Pinneberg. Der Flachbau ist von strenger Architektur und liegt an einer wenig befahrenen Anwohnerstraße. Die Fenster an der Vorderseite sind schmal. Wer genauer hinsieht, entdeckt, dass auf dem Dach die Fahne Israels weht. Überhaupt zeigt die Jüdische Gemeinde Pinneberg, die demnächst ihren zehnten Geburtstag feiert, Flagge und öffnet sich bewusst nach außen. "Öffentlichkeit ist der beste Schutz, den es für uns gibt", sagt der Gemeindevorsitzende Wolfgang Seibert. "Wir sind keine Geheimgesellschaft."
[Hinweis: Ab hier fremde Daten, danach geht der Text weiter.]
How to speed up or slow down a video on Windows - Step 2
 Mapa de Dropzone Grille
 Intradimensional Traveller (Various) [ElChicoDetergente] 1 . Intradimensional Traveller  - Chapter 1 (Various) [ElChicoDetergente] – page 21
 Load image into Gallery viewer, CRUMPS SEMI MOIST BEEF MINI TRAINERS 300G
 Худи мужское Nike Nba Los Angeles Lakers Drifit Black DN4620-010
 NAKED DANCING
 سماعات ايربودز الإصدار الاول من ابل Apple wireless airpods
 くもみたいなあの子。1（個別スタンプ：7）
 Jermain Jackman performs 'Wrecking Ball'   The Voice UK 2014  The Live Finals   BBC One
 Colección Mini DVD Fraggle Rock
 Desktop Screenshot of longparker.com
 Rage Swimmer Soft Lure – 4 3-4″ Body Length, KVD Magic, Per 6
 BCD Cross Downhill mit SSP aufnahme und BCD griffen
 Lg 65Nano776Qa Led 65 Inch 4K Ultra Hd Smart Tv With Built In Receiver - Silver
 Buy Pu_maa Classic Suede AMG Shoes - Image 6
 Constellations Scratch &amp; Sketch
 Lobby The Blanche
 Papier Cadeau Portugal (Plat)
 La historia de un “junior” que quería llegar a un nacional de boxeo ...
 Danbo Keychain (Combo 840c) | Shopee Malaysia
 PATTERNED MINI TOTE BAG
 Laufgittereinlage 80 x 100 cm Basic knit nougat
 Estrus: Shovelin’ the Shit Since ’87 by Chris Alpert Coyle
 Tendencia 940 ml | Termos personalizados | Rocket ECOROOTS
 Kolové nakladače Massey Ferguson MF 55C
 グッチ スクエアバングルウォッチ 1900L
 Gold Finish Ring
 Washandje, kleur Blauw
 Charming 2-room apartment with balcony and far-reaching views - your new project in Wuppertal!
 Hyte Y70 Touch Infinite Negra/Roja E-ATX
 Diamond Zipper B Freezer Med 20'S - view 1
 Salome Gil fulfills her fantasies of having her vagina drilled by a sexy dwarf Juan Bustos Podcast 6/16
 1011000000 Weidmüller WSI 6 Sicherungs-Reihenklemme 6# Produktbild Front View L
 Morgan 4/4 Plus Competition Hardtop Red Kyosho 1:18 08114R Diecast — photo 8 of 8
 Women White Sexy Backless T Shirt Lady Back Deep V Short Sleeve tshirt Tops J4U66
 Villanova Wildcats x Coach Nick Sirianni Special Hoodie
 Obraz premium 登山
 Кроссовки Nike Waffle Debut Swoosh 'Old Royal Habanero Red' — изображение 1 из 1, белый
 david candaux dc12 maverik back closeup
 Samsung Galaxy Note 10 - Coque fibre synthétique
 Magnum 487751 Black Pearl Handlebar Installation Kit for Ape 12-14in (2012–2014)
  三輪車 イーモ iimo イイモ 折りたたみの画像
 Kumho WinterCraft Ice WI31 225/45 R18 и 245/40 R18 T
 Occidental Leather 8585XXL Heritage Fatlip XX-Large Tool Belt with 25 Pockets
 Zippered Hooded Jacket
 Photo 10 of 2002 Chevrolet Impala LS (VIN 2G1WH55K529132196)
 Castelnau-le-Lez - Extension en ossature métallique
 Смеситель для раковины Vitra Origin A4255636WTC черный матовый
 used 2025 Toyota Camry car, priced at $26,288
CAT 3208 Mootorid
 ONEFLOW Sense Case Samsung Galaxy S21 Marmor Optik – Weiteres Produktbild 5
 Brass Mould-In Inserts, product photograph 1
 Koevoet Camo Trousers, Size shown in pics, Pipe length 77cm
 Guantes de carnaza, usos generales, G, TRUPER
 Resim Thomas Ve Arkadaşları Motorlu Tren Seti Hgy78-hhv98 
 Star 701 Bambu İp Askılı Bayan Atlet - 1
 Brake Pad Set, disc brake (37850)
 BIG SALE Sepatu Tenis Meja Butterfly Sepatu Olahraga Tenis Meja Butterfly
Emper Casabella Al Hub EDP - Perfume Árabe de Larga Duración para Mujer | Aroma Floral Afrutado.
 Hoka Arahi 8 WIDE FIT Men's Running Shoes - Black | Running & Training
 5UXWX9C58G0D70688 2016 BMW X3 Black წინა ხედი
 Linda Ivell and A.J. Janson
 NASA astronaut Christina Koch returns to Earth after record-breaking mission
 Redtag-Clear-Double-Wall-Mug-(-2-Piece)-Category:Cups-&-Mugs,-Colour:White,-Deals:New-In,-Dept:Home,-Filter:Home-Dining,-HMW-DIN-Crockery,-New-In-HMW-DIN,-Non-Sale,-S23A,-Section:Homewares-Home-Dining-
Deshalb wollen die Mitglieder der Jüdischen Gemeinde am 8. Dezember öffentlich feiern - gemeinsam mit Andersgläubigen. Seibert vollendet dieser Tage die lange Liste der Ehrengäste. Dazu zählen Vertreter des Zentralrats der Juden in Deutschland. Eingeladen sind ebenso Repräsentanten von Christen und Muslimen aus Norddeutschland. Von 18 Uhr an wird die Hawdala-Zeremonie gefeiert. Sie symbolisiert den Abschluss des Schabbat. Für die musikalische Unterhaltung sorgen drei Kantoren vom Abraham-Geiger-Kolleg Potsdam und der Pianist Jascha Nemtsov.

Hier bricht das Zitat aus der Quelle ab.